> Problem
Reproduce, please, the line that holds "Portable Hiking Compass" and all later lines through the end of the entries below, exactly; omit pictures.

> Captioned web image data
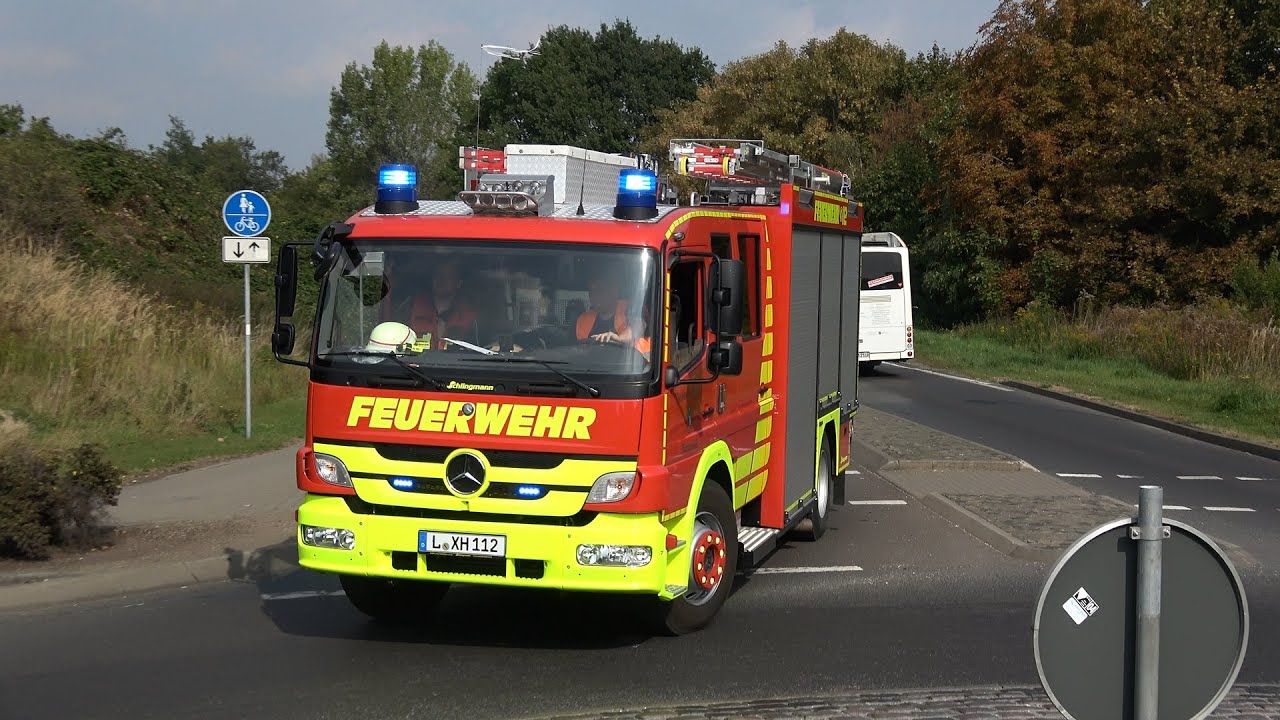 HLF 20/16 FF Markranstädt + RTW ASG Leipzig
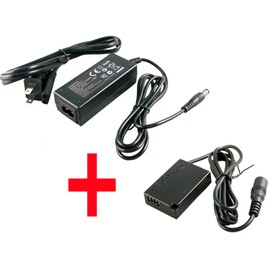 AC Adapter Kit Compatible with Canon EOS 77D 200D 250D 750D 760D 800D 8000D 9000D R10 R50 RP, EOS Kiss X8i X9i, EOS Rebel SL2 SL3 T6i T6s T7i T8i; ACK-E18 0073C002 (DR-E18 DC Coupler 0250C001 Incl.)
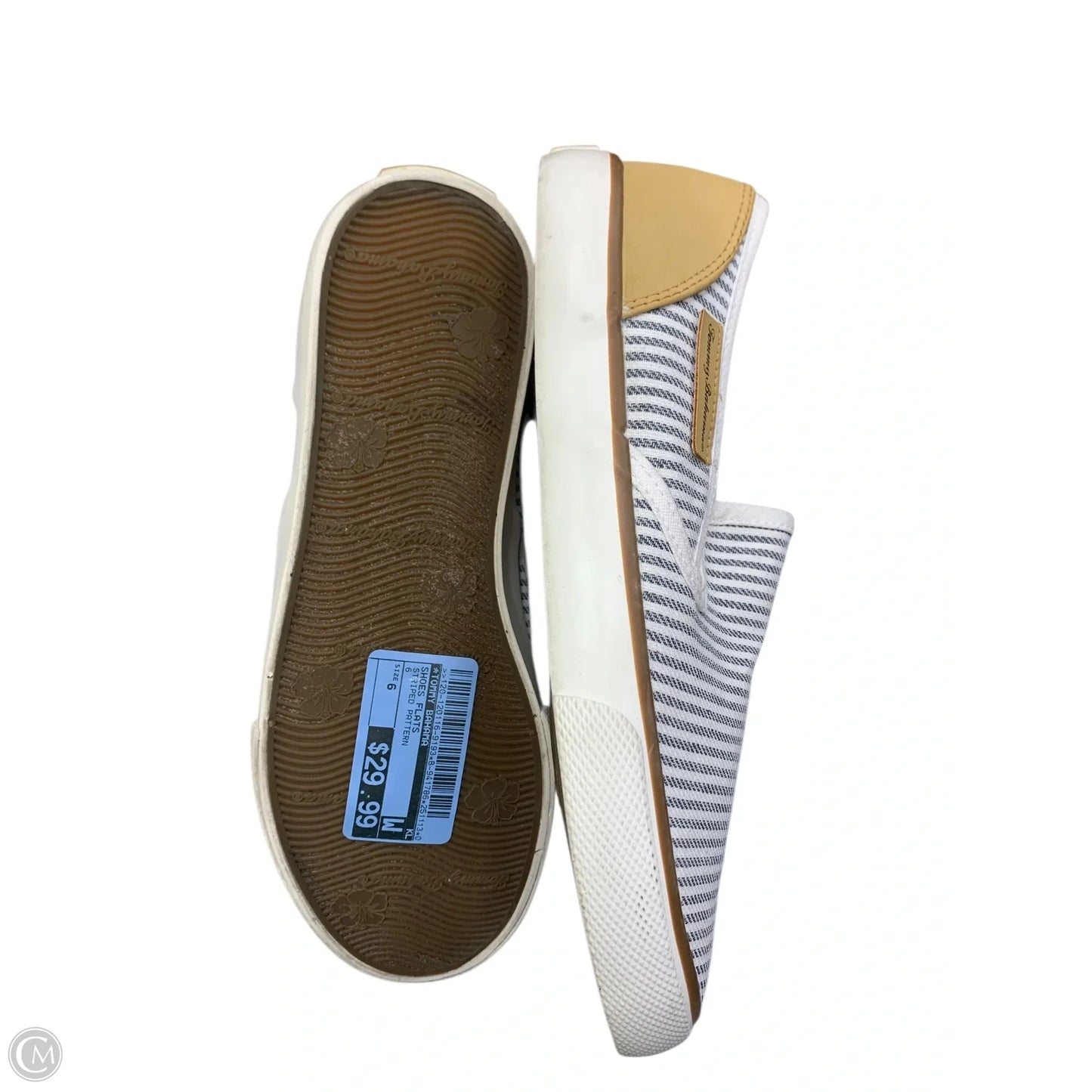 Shoes Flats By Tommy Bahama In Striped Pattern, Size: 6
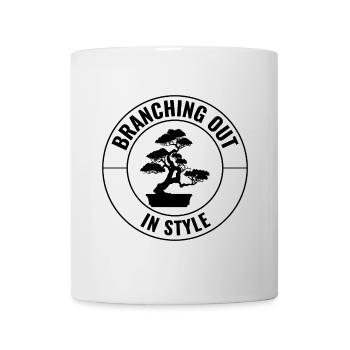 Japanischer Bonsai Gärtner Baum Sammler Gartenarbeit - Tasse - Weiß - Vorne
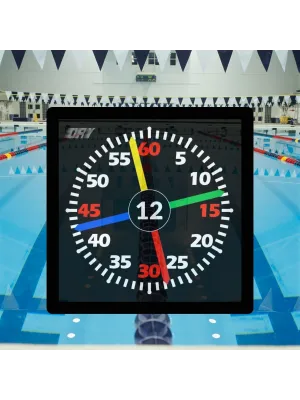 4 KOLLU DİJİTAL LED YÜZME HAVUZ ANTRENMAN SAATİ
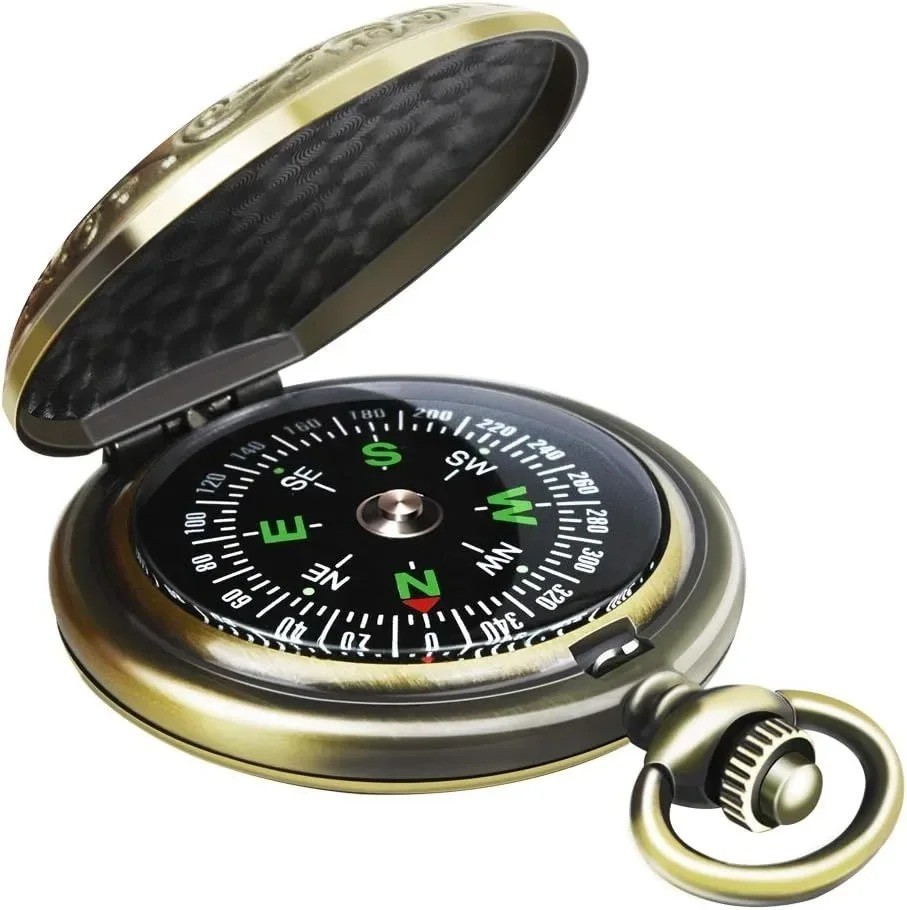 Portable Hiking Compass Military Navigation Tool Camping Backpacking Map Reading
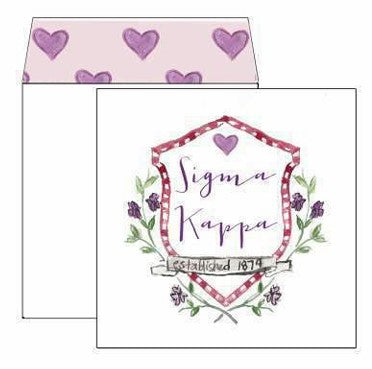 Sigma Kappa MOTIF Greeting Card with Liner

> Written answer
 Portable Hiking Compass Military Navigation Tool Camping Backpacking Map Reading
 Sigma Kappa MOTIF Greeting Card with Liner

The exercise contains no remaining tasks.